Schuld - Deze wordt onderscheiden in opzet (Lat. dolus) en schuld in engeren zin (Lat. culpa). Bij opzet is de wil gericht op hetgeen geschied is, bij schuld in engeren zin is zulks niet het geval, al moet het gebeurde wel aan den dader kunnen worden toegerekend; met name moet het een onmiddellijk en dadelijk gevolg zijn van zijn gedragen en moet de mogelijkheid van het gebeurde te voorzien zijn geweest (vergel. artt. 1283 en 1284 B.W.). Volgens velen is opzet niet alleen aanwezig, wanneer het oogmerk op het gebeuren gericht is geweest, maar reeds wanneer de dader zich dat als noodwendig of zeker uit zijne handeling voortvloeiende heeft moeten voorstellen (voorwaardelijk opzet: dolus eventualis). In ons strafrecht wordt ten aanzien van de meeste misdrijven opzet vereischt (doleuse misdrijven), al kent onze wet ook culpose misdrijven (zie b.v. artt. 300, 301, 307—309 Sr.). Voor overtredingen is als regel schuld voldoende. In enkele fiscale wetten wordt strafrechtelijke aansprakelijkheid aangenomen zonder schuld (zie b.v. art. 231 der Algemeene wet van 26 Aug. 1882, Stb. 38 en art. 13 der wet van 4 Apr. 1870, Stb. 61).
In het burgerlijk recht wordt schuld geëischt voor aansprakelijkheid voor schade uit onrechtmatige daad (art. 1401 B.W.) of uit niet of niet behoorlijke vervulling van verbintenissen (artt. 1427, 1637w, 1639t, 1642, 1752, 1784, 1854 B.W. enz.). Niet steeds gebruikt de wet echter juist het woord „schuld” om een schadevergoedingsplicht te vestigen. In artt. 1203 en 1402 B.W. spreekt zij van „nalatigheid”, in artt. 1402, 1406 en 1407 B.W. van „onvoorzichtigheid”, in artt. 1427 en 1481 B.W. van „toedoen”, in artt. 1427,1744,1838 en 1845 B.W. van „verzuim”, in artt. 1637w, 1637x, 1639t en 1838 B.W. van „opzet”, in artt. 1406 en 1407 B.W. van „moedwil”, in artt. 1283 en 1284 B.W. van „arglist.” Met al deze woorden worden echter vormen van schuld aangeduid. Op de aanwezigheid van schuld berusten ook de bepalingen, waarin de wet een schadevergoedingsplicht vestigt, ingeval niet is aangewend de zorg van een goed huisvader (hiervan spreekt het B.W. in artt. 160, 443, 831, 1079, 1271, 1392, 1596, 1781, 1776). Wanneer voor ieder geval afzonderlijk schuld moet worden aangenomen, hangt geheel van de omstandigheden af. Ten aanzien van den bewaarnemer geeft de wet een handleiding in art. 1744 B.W. Een algemeene onderscheiding in grove en lichte schuld, zooals volgens het Rom.
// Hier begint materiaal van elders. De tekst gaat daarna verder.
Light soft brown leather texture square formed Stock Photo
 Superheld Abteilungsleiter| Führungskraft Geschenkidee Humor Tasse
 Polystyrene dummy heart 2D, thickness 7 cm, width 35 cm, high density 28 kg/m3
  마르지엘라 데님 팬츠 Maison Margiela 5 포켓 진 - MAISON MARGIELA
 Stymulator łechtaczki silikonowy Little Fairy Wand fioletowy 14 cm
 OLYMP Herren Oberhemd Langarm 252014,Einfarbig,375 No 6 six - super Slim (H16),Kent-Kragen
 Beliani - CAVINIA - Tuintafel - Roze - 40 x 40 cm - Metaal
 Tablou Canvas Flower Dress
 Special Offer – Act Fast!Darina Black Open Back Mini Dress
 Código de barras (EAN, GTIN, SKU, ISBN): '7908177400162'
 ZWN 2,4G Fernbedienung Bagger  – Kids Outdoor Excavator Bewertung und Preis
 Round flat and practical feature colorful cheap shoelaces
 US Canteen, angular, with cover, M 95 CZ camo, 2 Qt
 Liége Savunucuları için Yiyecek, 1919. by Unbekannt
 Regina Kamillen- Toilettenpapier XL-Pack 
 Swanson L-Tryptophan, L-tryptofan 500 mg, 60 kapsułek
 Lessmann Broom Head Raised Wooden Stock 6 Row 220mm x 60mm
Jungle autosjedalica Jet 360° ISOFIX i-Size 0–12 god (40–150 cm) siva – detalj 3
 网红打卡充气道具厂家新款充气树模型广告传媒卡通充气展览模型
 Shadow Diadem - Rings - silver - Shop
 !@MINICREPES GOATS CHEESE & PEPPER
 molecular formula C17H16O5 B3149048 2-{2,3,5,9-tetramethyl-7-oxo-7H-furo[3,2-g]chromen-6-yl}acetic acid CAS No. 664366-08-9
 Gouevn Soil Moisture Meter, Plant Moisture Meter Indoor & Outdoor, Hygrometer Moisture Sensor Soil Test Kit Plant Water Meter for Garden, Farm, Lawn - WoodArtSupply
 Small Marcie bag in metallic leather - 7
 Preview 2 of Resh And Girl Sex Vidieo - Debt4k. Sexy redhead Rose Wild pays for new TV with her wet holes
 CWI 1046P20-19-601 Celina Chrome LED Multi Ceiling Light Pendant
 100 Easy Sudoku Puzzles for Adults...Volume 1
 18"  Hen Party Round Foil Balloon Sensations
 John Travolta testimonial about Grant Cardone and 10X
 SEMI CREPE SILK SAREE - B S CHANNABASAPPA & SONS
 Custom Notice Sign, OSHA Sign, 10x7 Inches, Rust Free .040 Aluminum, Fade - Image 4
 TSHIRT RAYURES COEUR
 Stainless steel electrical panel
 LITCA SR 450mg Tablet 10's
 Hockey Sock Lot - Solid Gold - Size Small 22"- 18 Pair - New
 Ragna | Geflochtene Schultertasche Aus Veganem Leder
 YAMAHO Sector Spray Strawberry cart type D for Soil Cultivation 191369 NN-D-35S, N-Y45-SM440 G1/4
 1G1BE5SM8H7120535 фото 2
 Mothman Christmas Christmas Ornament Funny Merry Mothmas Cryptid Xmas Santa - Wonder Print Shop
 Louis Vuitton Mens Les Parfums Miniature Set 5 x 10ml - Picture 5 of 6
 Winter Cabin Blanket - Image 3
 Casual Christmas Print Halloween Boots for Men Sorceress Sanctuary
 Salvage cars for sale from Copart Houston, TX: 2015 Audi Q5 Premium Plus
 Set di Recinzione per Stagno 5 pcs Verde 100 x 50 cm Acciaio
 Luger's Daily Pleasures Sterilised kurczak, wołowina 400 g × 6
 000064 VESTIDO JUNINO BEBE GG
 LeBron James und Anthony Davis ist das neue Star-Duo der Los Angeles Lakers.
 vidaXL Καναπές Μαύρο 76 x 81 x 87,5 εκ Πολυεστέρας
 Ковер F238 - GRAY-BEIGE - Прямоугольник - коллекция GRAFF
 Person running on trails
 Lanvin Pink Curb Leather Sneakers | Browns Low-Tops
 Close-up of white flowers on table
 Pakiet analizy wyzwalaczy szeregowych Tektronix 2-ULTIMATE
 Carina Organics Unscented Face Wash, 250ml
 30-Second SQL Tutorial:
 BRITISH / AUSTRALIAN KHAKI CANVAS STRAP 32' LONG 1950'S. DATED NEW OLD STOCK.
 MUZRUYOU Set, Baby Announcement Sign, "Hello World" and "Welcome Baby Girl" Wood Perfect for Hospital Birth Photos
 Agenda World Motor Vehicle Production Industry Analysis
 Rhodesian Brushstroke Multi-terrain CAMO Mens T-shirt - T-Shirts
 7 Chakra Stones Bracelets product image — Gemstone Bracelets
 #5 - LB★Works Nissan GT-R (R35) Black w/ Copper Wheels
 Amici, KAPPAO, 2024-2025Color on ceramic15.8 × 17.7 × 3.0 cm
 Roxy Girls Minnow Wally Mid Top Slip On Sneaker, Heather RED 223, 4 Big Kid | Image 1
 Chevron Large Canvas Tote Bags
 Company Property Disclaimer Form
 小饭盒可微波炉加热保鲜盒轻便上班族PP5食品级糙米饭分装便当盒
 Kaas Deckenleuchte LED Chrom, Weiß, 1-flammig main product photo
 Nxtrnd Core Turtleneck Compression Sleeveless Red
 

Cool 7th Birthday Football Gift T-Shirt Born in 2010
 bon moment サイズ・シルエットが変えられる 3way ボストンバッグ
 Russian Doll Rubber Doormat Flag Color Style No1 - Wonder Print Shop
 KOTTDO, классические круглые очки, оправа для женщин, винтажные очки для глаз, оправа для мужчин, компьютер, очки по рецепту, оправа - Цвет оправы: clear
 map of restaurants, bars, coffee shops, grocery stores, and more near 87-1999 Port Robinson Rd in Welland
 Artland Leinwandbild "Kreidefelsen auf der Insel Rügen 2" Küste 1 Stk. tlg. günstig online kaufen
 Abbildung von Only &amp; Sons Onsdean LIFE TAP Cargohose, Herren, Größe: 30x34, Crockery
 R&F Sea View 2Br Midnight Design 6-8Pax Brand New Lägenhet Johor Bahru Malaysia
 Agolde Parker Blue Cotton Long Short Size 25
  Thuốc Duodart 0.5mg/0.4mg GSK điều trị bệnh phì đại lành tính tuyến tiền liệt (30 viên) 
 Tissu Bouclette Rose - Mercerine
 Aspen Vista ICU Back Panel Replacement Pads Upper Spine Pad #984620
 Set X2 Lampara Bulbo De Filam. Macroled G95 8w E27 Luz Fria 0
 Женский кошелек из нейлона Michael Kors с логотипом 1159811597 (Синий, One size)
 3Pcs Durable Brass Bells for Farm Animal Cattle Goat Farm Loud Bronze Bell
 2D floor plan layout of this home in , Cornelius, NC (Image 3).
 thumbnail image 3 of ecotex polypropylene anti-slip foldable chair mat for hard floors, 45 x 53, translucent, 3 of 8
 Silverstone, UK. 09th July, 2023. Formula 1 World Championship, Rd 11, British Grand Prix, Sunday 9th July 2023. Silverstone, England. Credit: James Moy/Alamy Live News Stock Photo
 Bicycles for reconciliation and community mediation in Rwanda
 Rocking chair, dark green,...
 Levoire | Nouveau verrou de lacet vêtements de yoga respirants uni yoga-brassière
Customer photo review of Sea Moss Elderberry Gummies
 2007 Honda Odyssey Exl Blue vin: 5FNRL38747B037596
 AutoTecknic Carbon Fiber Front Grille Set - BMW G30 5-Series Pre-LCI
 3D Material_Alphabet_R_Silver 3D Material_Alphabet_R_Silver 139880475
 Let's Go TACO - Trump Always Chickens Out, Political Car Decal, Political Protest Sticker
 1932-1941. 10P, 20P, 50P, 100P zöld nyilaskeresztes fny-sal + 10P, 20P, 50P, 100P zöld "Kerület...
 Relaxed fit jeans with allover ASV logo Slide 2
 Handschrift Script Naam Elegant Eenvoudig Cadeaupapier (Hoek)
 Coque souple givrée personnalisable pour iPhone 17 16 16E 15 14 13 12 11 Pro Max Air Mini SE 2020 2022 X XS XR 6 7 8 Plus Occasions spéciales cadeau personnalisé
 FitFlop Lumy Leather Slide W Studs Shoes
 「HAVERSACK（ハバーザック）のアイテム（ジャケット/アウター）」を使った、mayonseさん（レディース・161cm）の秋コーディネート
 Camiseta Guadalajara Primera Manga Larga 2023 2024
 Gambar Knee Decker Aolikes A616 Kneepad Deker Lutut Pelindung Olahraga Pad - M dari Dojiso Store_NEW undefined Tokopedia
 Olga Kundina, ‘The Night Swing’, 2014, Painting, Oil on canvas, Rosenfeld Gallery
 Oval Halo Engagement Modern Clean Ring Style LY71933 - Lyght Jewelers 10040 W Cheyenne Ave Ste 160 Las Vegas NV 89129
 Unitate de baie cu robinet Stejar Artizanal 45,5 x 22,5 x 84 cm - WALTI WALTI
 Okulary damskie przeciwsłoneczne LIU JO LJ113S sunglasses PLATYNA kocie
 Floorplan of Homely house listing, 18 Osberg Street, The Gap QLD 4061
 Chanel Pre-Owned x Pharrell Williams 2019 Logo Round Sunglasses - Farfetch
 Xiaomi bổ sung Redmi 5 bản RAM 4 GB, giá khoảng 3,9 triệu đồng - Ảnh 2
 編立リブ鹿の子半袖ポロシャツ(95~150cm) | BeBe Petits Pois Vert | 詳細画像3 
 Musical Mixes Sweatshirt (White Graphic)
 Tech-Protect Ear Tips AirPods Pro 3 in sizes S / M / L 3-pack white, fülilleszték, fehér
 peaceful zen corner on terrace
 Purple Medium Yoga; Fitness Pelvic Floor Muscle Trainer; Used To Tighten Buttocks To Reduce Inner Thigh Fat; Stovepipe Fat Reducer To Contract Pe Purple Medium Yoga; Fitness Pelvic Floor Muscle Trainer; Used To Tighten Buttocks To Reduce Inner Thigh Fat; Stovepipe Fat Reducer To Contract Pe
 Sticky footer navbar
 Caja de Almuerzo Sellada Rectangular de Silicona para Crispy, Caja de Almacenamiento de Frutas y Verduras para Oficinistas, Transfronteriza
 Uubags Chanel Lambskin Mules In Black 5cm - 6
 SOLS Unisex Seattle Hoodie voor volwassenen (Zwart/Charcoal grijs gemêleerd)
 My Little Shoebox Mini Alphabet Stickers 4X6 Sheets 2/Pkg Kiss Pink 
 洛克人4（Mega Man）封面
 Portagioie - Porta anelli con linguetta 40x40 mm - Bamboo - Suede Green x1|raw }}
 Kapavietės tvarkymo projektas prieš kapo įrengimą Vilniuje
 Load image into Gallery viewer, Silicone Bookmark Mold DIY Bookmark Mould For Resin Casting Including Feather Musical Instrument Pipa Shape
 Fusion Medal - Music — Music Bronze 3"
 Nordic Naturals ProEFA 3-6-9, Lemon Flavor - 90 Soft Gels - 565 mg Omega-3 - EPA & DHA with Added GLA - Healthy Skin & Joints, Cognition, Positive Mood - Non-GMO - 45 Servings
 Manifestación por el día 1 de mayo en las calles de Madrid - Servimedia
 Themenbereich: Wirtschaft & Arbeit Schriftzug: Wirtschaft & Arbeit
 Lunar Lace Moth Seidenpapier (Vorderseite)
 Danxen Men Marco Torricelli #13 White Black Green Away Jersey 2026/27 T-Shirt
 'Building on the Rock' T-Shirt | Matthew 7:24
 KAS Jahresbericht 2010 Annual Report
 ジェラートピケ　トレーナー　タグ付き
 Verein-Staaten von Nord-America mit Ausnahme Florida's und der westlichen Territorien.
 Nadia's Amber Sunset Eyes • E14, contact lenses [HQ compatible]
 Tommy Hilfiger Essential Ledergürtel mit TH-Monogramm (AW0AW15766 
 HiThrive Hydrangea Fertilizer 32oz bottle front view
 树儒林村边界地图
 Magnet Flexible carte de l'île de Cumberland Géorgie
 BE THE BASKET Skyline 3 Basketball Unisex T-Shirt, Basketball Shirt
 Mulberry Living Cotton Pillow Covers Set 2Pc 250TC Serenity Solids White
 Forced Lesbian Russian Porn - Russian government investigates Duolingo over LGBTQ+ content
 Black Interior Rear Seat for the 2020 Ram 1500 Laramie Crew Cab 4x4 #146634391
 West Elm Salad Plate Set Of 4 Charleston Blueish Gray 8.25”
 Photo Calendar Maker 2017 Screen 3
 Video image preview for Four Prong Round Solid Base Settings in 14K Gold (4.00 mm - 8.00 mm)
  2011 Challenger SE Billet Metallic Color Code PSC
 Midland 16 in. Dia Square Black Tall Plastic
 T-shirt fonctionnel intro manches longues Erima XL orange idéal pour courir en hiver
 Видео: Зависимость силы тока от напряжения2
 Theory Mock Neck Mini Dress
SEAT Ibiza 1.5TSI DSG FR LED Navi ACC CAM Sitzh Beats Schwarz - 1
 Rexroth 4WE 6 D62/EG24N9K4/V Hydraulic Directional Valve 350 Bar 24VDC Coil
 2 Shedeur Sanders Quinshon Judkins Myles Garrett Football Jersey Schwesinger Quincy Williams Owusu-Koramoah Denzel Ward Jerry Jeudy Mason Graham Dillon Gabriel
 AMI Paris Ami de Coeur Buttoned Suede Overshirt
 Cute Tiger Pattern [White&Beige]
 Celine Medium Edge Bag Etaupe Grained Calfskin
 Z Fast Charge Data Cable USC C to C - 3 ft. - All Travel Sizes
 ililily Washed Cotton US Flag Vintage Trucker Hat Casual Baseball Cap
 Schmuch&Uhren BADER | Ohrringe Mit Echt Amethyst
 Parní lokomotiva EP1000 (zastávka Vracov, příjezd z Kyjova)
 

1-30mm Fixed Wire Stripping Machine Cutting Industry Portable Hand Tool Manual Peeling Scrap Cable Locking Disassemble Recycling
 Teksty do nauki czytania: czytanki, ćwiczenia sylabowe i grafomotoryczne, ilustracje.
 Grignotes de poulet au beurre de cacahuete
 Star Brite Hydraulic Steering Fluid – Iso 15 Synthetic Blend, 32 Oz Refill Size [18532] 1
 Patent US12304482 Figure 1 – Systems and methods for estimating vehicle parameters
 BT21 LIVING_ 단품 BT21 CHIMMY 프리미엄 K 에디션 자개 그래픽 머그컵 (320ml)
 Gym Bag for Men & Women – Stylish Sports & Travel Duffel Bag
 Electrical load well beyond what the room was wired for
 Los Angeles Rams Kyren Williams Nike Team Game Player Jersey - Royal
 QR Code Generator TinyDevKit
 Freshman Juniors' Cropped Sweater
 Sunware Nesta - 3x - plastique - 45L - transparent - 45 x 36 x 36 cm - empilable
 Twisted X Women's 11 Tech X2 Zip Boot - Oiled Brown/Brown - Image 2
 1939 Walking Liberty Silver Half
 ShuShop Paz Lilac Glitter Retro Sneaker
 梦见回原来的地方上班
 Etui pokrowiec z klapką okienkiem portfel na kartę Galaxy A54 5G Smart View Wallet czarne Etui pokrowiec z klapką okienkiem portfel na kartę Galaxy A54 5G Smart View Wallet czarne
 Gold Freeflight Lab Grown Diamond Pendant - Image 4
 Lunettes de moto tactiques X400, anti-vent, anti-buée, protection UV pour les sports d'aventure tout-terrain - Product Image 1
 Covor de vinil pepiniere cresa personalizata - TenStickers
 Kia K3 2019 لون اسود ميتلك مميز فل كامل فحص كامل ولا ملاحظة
Recht gold (voor sommige gevallen was voor schadevergoeding culpa lata noodig, in andere was culpa levis voldoende), kent onze wet niet, al gebruikt zij de uitdrukking grove schuld b.v. in art. 1638x B.W. — Een bijzondere bepaling omtrent de aansprakelijkheid bevat art. 1743 B.W. voor den bewaarnemer, dat dezen verplicht omtrent de bewaring der hem toevertrouwde zaak dezelfde zorg aan te wenden, welke hij voor de bewaring zijner eigen zaken aanwendt. Voor geval van arglist bij de niet nakoming van verbintenissen, kennen artt 1283 en 1284 in ruimer omvang schadevergoeding toe dan in het algemeen (art. 1282). Zie verder SCHADEVERGOEDING. Vergel. ook RISICO.